Thor: War Of Tapnarok Android Game Review: The Un-Idle Clicker


Do you like Norse mythology? Are you getting sick of all the idle clickers clogging up the Play Store? Do you want a dynamic game that gives you plenty of chances to learn, fix your mistakes, and progress further and faster? If you answered yes to any of those, read on, because Thor: War of Tapnarok caters to you.

The game opens with a charmingly drawn comic. Loki has opened the gates between realms, and has flooded Asgard, among other realms, with monsters in his bid to overthrow Thor and Odin and become king. Thor charges to meet his brother's army, then the sky opens up and Odin's finger smashes a labrge enemy. Thus, the battle begins.


You'll start out as a severely underpowered Thor, who takes several hits to fell common enemies. You'll be fighting alone. One unique thing about this game is that, for the most part, you'll stay that way. Enemies grow with you, and you'll have to exploit every tool at your disposal to gain the advantage and get back to steamrolling snakes and ripping apart reapers.

The core unique feature in this game is time travel. That's central to everything.
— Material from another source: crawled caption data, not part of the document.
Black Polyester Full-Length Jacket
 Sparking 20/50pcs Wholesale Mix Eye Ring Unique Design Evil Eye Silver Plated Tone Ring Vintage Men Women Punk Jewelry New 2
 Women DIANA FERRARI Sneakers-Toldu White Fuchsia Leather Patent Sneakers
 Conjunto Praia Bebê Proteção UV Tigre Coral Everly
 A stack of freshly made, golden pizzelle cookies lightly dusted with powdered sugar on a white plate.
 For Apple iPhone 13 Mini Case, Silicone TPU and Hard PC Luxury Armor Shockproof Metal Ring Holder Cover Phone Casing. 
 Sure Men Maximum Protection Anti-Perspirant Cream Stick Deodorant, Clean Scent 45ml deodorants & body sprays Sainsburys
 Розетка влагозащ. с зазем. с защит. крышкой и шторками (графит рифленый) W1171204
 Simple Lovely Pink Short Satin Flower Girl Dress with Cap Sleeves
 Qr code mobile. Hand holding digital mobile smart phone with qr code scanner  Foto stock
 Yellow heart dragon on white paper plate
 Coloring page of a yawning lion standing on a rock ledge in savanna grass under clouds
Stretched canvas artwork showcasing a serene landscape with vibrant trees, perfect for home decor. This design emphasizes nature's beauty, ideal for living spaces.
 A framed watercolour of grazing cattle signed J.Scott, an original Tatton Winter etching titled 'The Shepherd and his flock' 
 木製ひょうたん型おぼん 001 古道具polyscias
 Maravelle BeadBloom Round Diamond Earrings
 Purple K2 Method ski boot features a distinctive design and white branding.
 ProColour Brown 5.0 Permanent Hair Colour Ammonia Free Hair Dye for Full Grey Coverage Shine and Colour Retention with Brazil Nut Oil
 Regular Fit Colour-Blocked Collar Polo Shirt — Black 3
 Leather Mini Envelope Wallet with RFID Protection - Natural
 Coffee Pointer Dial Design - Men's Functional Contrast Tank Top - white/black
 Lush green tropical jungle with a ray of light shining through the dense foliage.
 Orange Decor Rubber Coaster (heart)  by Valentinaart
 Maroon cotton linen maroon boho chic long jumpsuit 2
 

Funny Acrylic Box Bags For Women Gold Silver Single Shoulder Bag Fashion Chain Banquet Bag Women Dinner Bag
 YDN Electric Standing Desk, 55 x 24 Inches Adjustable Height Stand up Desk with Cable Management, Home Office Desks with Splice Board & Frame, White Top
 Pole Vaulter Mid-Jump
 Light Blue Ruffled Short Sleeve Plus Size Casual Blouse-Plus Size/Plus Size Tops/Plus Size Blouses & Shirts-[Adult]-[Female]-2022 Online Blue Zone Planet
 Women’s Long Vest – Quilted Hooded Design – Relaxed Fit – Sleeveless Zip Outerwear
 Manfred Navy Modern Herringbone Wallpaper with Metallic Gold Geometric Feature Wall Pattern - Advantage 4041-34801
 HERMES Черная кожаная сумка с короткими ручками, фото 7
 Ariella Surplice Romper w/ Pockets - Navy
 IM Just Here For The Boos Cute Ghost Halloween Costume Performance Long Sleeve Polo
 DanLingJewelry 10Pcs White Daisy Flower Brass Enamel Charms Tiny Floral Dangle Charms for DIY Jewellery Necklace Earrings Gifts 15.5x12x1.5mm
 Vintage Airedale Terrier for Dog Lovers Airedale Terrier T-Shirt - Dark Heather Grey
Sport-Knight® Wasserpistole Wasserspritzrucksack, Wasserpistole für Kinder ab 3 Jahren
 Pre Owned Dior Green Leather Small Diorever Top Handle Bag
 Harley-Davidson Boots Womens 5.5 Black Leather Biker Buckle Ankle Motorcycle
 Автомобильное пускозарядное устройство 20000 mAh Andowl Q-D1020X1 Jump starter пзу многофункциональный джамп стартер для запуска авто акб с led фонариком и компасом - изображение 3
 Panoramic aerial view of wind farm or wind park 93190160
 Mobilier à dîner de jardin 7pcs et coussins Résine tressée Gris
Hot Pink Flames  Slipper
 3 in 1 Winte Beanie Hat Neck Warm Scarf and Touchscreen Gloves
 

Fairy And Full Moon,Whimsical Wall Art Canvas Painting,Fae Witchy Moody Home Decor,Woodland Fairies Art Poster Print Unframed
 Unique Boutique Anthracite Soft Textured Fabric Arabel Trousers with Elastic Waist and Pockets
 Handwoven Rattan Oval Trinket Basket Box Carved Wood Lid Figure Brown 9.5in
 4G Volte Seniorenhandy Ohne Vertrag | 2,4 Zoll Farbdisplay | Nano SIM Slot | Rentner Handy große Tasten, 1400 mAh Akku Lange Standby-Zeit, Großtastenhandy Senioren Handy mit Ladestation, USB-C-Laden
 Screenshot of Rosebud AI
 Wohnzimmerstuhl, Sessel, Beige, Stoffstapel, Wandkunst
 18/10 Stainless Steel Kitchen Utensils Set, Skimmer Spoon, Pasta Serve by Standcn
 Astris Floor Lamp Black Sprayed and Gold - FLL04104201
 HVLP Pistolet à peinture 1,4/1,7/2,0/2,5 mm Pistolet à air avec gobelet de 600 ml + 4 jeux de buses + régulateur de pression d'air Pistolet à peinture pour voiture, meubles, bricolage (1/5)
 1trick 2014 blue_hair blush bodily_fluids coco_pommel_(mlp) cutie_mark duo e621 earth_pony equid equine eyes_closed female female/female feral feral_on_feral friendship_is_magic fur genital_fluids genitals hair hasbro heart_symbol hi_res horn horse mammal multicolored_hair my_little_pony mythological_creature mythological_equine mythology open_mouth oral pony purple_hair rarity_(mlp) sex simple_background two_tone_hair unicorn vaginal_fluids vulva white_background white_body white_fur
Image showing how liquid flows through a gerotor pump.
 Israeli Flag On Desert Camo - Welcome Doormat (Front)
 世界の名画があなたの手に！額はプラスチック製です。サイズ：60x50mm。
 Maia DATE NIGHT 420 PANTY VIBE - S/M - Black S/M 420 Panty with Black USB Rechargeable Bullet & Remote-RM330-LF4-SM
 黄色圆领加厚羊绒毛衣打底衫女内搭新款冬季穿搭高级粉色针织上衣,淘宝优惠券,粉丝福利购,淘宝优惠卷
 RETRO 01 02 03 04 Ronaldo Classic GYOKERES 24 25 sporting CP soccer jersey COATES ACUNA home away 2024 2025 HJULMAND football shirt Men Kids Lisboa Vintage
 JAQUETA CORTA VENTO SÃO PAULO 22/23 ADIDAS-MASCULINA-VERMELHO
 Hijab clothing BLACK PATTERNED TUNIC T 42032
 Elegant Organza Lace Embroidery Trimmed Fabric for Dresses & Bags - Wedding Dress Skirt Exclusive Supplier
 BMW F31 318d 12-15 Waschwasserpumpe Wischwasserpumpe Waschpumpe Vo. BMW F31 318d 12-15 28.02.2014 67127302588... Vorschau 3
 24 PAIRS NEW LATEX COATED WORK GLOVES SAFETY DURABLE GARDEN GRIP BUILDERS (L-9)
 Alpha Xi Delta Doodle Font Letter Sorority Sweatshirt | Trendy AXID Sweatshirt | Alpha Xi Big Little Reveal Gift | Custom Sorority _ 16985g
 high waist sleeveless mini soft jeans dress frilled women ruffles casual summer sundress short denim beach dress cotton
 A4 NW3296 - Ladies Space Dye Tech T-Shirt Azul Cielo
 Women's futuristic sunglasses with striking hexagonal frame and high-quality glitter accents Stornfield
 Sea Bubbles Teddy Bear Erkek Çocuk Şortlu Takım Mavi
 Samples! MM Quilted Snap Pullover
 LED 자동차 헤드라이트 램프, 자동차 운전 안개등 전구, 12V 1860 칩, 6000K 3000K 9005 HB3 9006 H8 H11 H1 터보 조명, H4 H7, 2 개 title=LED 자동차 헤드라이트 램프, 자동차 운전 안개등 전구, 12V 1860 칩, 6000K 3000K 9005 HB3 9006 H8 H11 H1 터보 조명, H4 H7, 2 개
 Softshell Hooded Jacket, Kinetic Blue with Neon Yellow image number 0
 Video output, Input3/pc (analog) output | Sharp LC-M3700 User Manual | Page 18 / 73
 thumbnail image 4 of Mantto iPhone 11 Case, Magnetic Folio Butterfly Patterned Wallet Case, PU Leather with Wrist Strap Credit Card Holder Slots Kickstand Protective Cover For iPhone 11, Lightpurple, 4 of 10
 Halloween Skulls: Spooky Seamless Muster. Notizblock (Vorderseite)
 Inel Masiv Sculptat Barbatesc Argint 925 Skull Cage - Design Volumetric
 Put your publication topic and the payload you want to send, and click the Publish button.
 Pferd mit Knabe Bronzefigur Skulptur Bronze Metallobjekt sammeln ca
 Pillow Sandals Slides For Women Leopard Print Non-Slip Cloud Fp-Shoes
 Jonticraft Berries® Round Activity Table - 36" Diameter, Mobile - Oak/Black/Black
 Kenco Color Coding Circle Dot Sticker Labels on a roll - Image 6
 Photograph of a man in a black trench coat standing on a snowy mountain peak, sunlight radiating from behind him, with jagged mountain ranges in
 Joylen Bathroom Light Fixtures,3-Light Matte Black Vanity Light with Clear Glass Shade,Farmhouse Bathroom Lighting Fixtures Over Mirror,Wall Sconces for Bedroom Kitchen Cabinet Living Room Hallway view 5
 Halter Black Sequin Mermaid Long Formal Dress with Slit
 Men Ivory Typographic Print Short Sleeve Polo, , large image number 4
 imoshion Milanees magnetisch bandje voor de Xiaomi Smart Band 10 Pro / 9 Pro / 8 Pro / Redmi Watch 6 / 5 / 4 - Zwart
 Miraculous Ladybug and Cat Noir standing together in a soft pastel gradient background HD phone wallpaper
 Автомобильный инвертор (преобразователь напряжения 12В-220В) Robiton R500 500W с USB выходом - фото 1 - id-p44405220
Time travel throws you back to the beginning of the game, but with a twist; you get runes. Runes are special gems that can be used to unlock and level up powerful treasures that give all kinds of bonuses, like increasing damage, increasing the rate at which you get gold, and shortening skill cooldowns.

Once you've hit level 400 or recruited Eir, one of many Norse Gods and Goddesses you can have on your team, you'll be able to use the time travel feature. You'll get runes, keep treasures you've unlocked, and keep gems, useful for buying things like damage-per-second boosts and gold drops from Freya, who is also recruitable. The higher you've leveled yourself and your allies, and the further you've progressed, the more runes you get when time travelling.


Along with time travel, you also get allies, who all come with their own unique skills that offer boosts to everyone fighting alongside them, including Thor. There are skills that boost ally damage tenfold or more, skills that increase the damage Thor does per tap, skills that increase critical hit likelihood or damage, and many more.

Outside of the time travel loop and allies, the game keeps the twists coming by way of Thor's skills. Along with frantically tapping, or chasing moving weak point targets when fighting bosses, Thor can unleash skills that do things like summon a Storm Wolf to attack a certain number of times per second, deal 1,000 times the damage of a normal tap, and more.


Leveling up allies and Thor results in huge power boosts, so much so that leveling in mid-battle can turn the tide of a boss fight that you were going to lose. Boss battles last up to 30 seconds, after which the boss escapes and you're stuck in the same stage. Get stronger and tap the Fight Boss button, and you'll get another chance. Beat the boss, and you'll move on to another realm, fight stronger enemies, and get more gold.

Fighting your way through Helheim, Jotunheim, Midgard and more is easy enough for Thor and company, but it's not without risk. Bosses can wound allies, for example, dropping them out of battle for a few hours unless you pay up some gems. Wounded allies not only stop dealing damage, but can also no longer impart their skill bonuses.

Another good reason to keep allies alive is that they fight enemies and gather gold for you while you're outside of the game. Level them up and keep them alive, and you'll come back to a princely sum, ready to harvest. You can double that amount by watching a short video ad. You won't have to worry about allies getting wounded or leveling themselves up while you're away; they won't fight any bosses, and they'll simply store gold back for you to use and control.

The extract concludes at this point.